Why a bullpen day to close out a charged series against the division rival closest in the standings to first-place Milwaukee? Because the Brewers want to continue giving their starters at least one day of extra rest between outings in an effort to keep them healthy and performing well in a 162-game season after only 60 regular-season games in 2020. That means Burnes will start Thursday at Pittsburgh instead, allowing Ashby to fill Wednesday's opening.
Urías on Monday's ‘sick play'
The play of the day in Monday’s 14-4 win over the Cubs only happened because Luis Urías anticipated the possibility of it before it unfolded.
In case you missed it, here’s the setup: seventh inning, tie game after Chicago pinch-hitter Patrick Wisdom launched a two-run home run halfway to Lake Michigan. Joc Pederson was at first base and Brewers reliever Brad Boxberger was scuffling when a left-handed-hitting Ian Happ bounced a single past third base. Urías normally would have been standing there, but he was on the other side of second base as part of Milwaukee’s infield shift.
Shortstop Willy Adames chased the baseball. Left fielder Christian Yelich charged. Alertly, Urías ran 136 feet, according to Statcast, toward an uncovered third base.
“As soon as I saw the base hit, I was like, ‘I gotta be there,’” Urías said. “I was kind of anticipating something happening where I might have to go to third. Obviously, Yelich made a great throw, right on the money.”
It was a spectacular display of athleticism on both ends – just the thing, Brewers manager Craig Counsell said, that everyone wants to see more of in today’s power-centric game of baseball. Yelich threw on the run and Urías made the catch on the run, then contorted in order to tag out Pederson.
“That was a sick play,” Urías said.
Counsell called it “special” and ”game-changing.” Instead of second and third with one out, Boxberger had a runner at second and two outs. He struck out Javier Báez to preserve the tie. Then Devin Williams stranded the bases loaded in the top of the eighth and the Brewers scored 10 runs in the bottom of that inning for a runaway win.
The Yelich-Urías play was the turning point.
“That's just an overall tough play,” said Gold Glove Award-winning center fielder Jackie Bradley Jr. “A lot of things have to go right starting with ‘Yeli’ hustling to the ball, making a throw on the run, keeping it down in order for Luis to snag it and put on the tag while he was still moving. That's one of those athletic plays you don't get to see often. We don't work on that because it just kind of happens.”
Bradley on perseverance
Even after picking up a couple of late hits in Monday’s win, Bradley woke up Tuesday with a .159 batting average and a .217 batting average on balls in play. It indicates that beyond performing far below his own expectations, Bradley is hitting into some terrible luck.
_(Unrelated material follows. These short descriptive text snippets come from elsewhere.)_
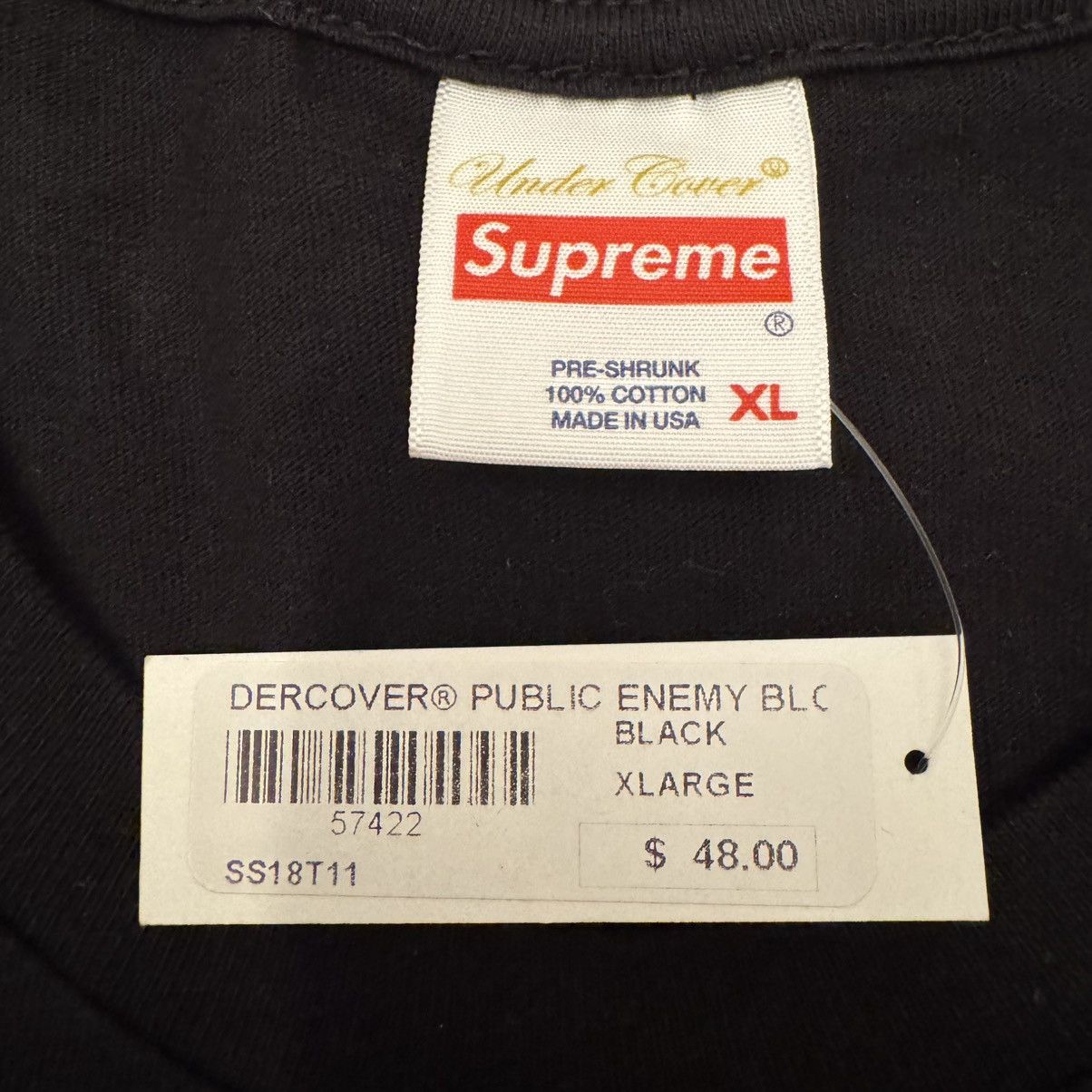 Public Enemy × Supreme × Undercover Supreme UNDERCOVER Public Enemy Blow Your Mind Tee Size US XL / EU 56 / 4 - 6 Thumbnail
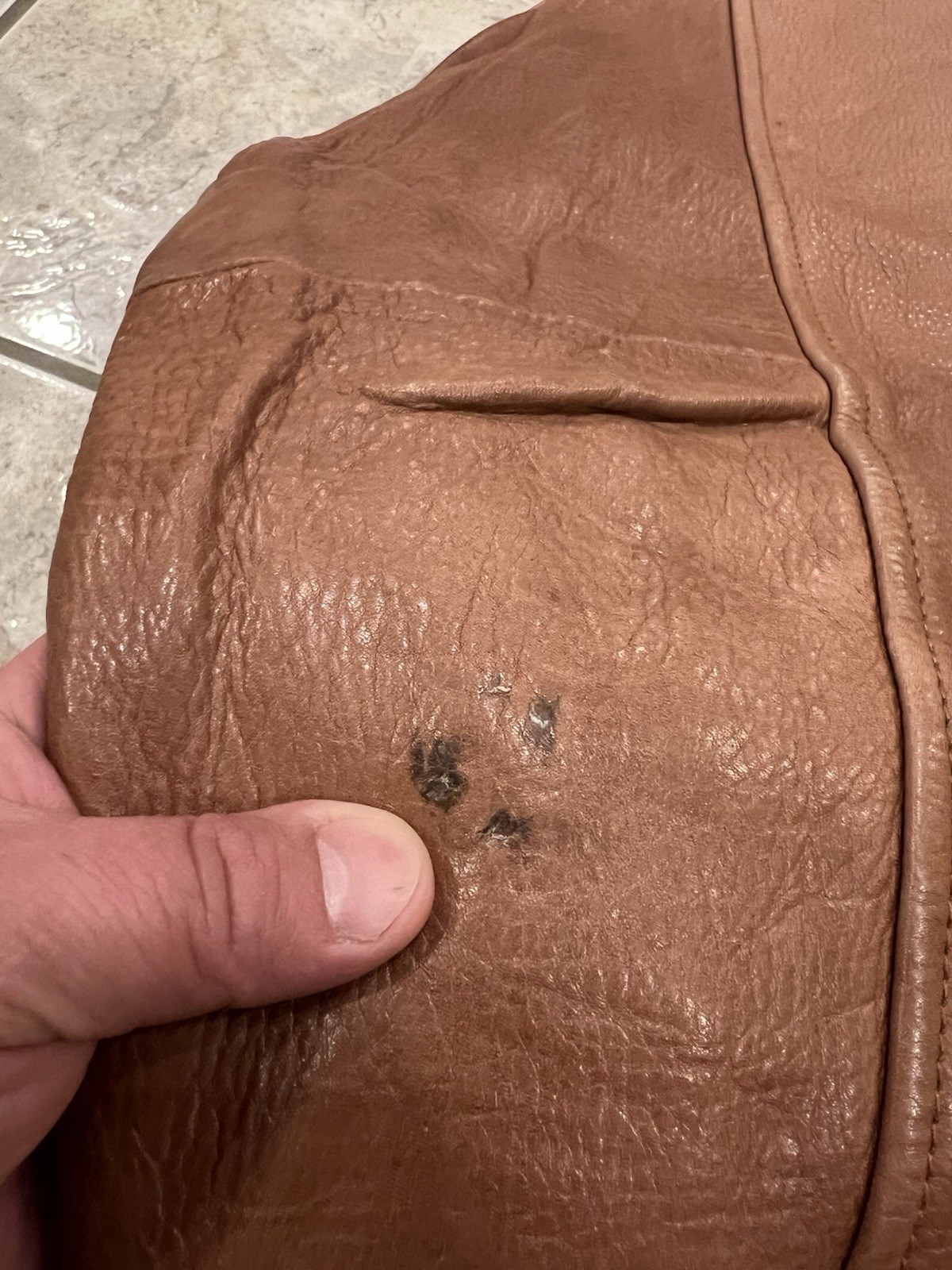 VTG 1986 Mens 40 American Eagle Leather A2 Flight Bomber Jacket Pilot Moto Cafe image 7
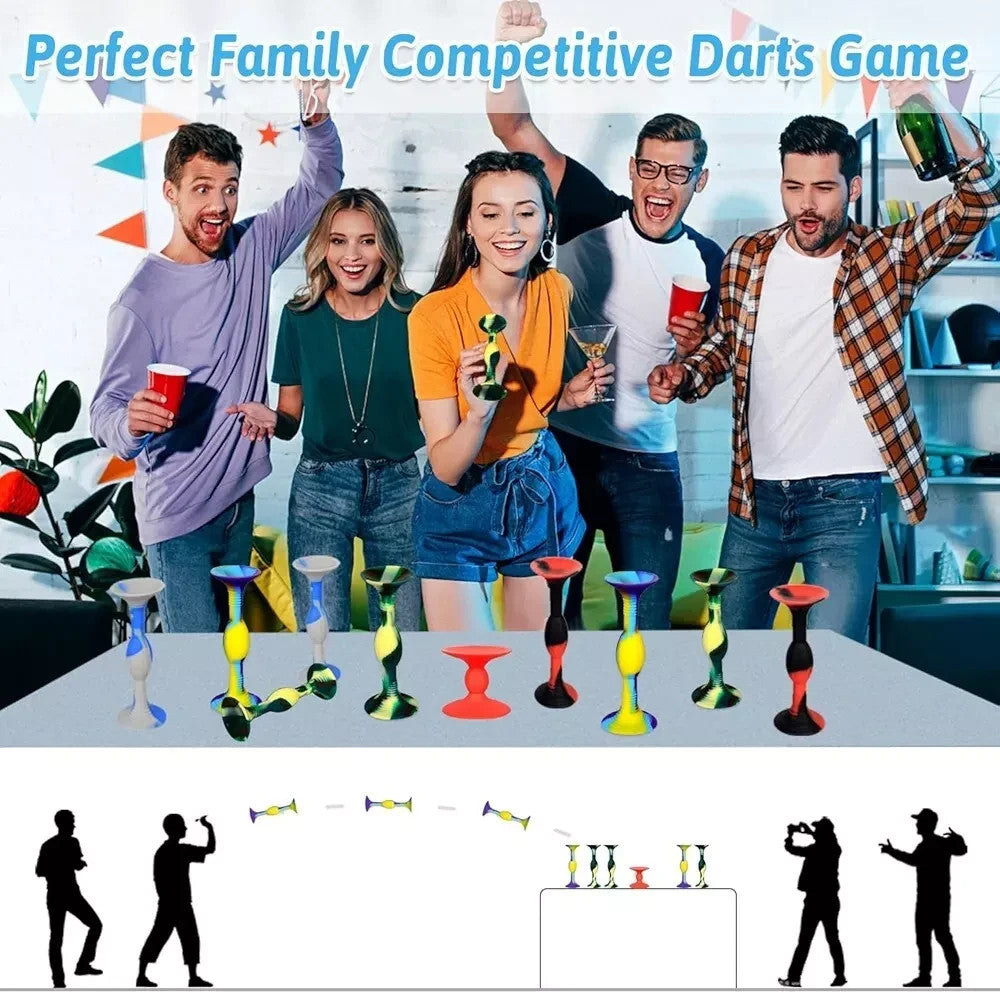 HugOutdoor Silicone Darts Game, Family Game, Kids Game, Outdoor Game,Garden Game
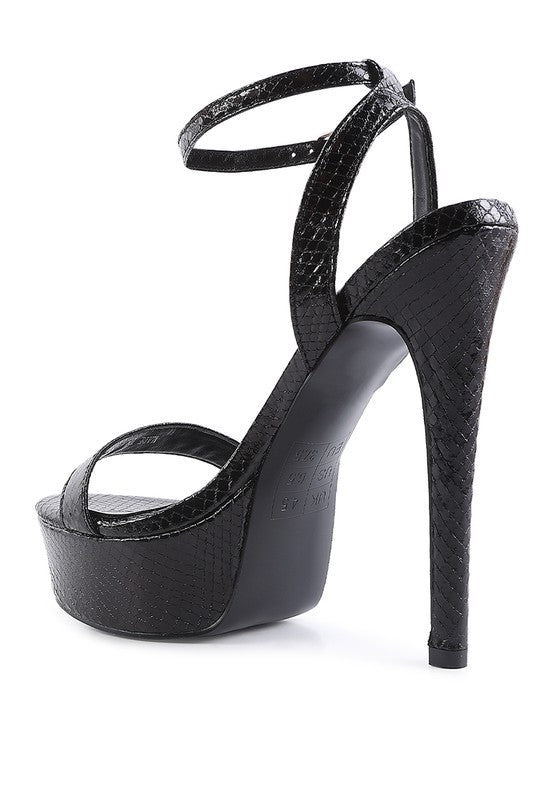 SWEETHEART CROC PLATFORM HIGH HEELED SANDALS - lolaluxeshop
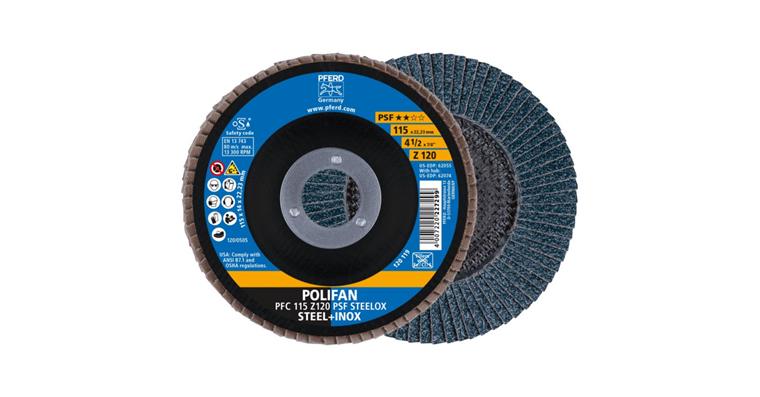 Fächerschleifscheibe POLIFAN PSF STEELOX konisch PFC 115x22,23 mm Z120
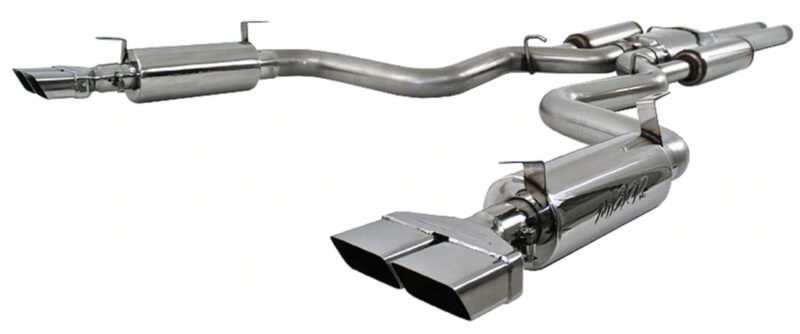 MBRP 2008-2014 Dodge Challenger SRT8 6.1L Hemi Dual Split Rear 3″ Cat-Back Exhaust – T304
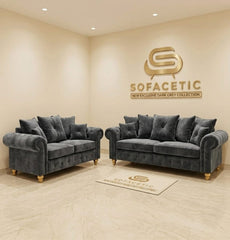 Monzi Crush velvet Contemporary Sofa Set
Here’s how he has kept his head up:
“Just focus on the now and help the team win today,” Bradley said. “Whatever that is, focus on this at-bat, this pitch. You have to keep things simple, or at least try to. This is a game that requires a lot of physical performance but a lot of mental focus as well. So, I'm trying to just stay focused and stay in the present. You can't change the past and obviously, I've been horrible to this point and I have to get better.”